▶ _Assigned task_
For this exercise, transcribe all the records below exactly.

[Stored data]
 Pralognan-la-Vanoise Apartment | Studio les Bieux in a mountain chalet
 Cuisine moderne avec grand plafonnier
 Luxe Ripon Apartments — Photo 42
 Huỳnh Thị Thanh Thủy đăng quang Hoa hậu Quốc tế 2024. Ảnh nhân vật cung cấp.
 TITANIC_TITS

▶ _Solution_
 Pralognan-la-Vanoise Apartment | Studio les Bieux in a mountain chalet
 Cuisine moderne avec grand plafonnier
 Luxe Ripon Apartments — Photo 42
 Huỳnh Thị Thanh Thủy đăng quang Hoa hậu Quốc tế 2024. Ảnh nhân vật cung cấp.
 TITANIC_TITS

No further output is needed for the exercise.